A perfeição sempre tem um preço.
Pensar nesse preço me levou a pensar no desfile de cães que tive a sorte de conhecer ao longo da vida. Quase todos eles eram vira-latas, e você poderia dizer apenas olhando para eles. Os cães que amei tinham dentes tortos e bundas esqueléticas. Eles andavam um pouco de lado ou babavam de um lado da boca. Todos eram, à sua maneira, perfeitamente imperfeitos.
Minha esposa e eu tivemos a sorte de morar com um vira-lata amarelo, Fred, que chegou em nossas vidas como um cachorrinho vadio na vala de nosso antigo jardim. Nunca descobrimos exatamente o que mais ele era. Nosso veterinário achou que ele tinha algum ponteiro alemão de pêlo curto, o que fazia sentido, porque ocasionalmente ele parava no meio do quintal e acertava em cheio. Pelo que pudemos perceber, ele nunca apontava para nada em particular. Algo em seu DNA deve ter lhe dito que deveria apontar de vez em quando, apenas para manter a tradição familiar.
Fred não teria durado cinco minutos em um ringue. Sua traseira às vezes se desviava quando ele andava, como um carro derrapando. Mas ele era o cachorro mais amoroso e adorável que já conheci. Nunca, em toda a sua vida, ele machucou outro ser vivo. Pelo que eu sei, ele nunca comeu um inseto.

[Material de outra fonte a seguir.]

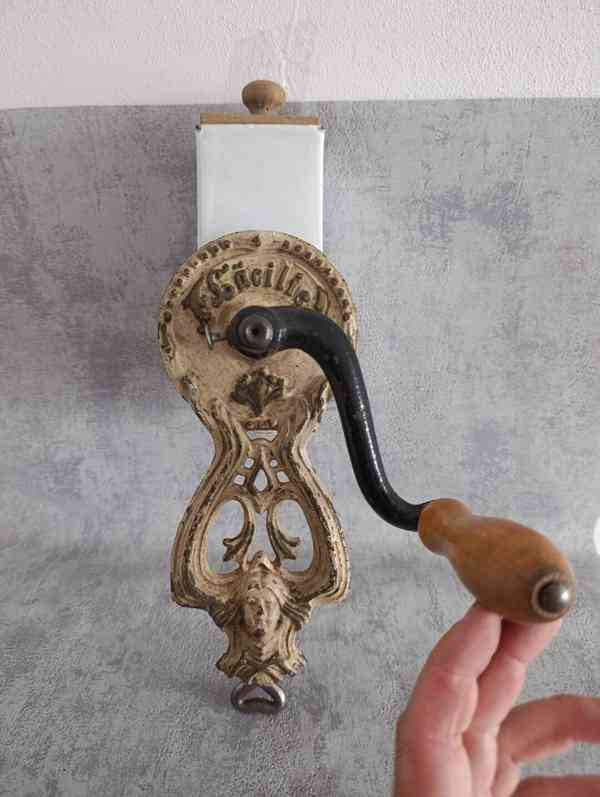 Velmi starý krásný zdobený mlýnek na strouhanku JUGENDSTIL - foto 10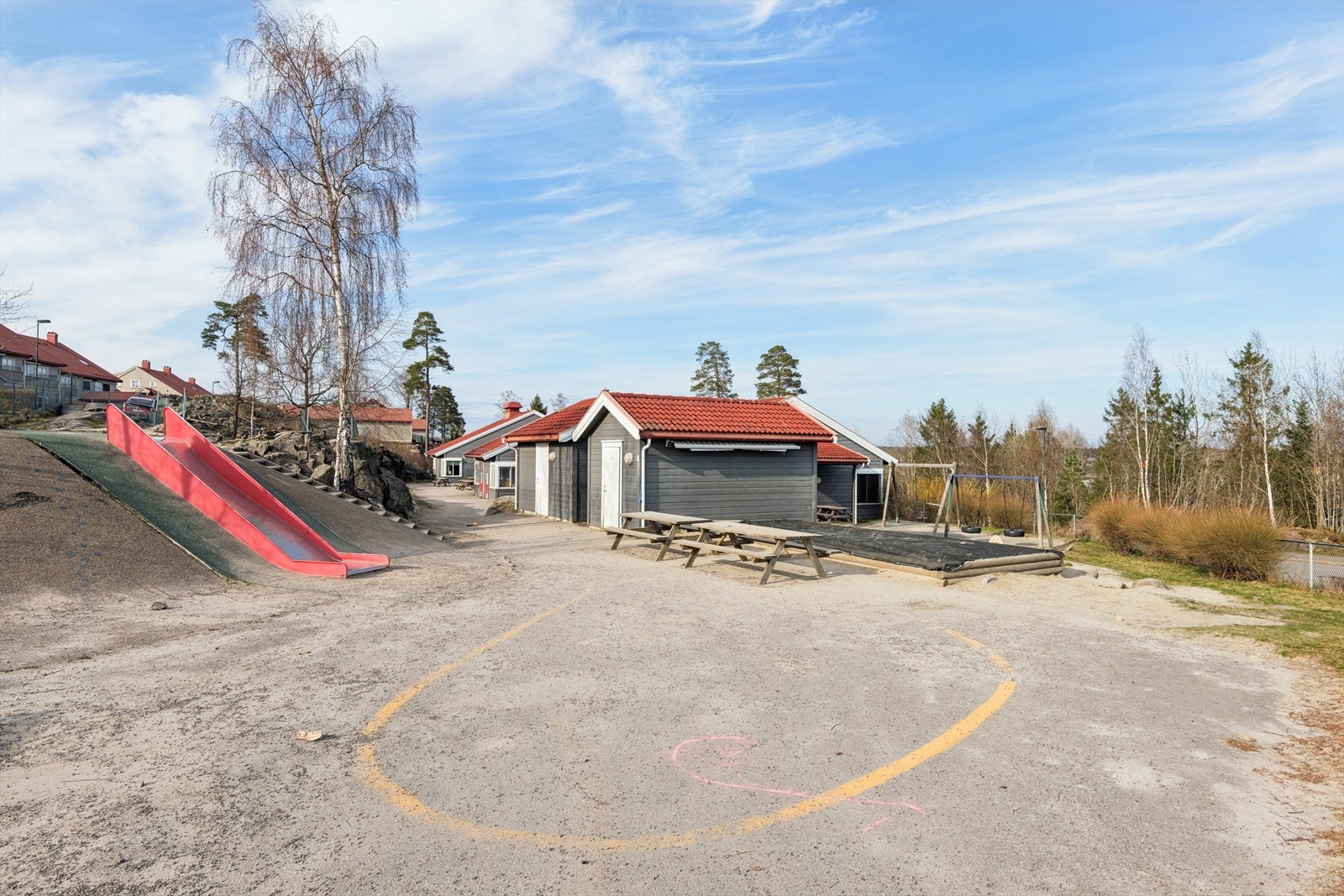 I nærområdet er det flere lekeområder for barn som legger rette til sosial lek og et aktivt nærmiljø. Galleribilde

Partiu-nos o coração quando a velhice e um tumor no fígado finalmente o atingiram. Mas ele chegou aos 14 anos e meio – mais de dois anos a mais do que a vida média de um labrador amarelo de raça pura. Penso nisso agora como entradas extras, beisebol grátis, uma segunda porção de sobremesa. Ele abençoou nossas vidas e parte da bênção foi quanto tempo ele permaneceu.
Havia muitos cães de raça pura em Dogland que eu teria levado para casa num segundo se tivesse oportunidade. Às vezes era de tirar o fôlego assisti-los, como estar na primeira fila de um jogo da NBA. Mas se você me desse todos os cães do mundo para escolher, eu começaria com aqueles que são um pouco tortos, assimétricos e descolados. Nossas peculiaridades são características, não falhas. Dê-me um vira-lata.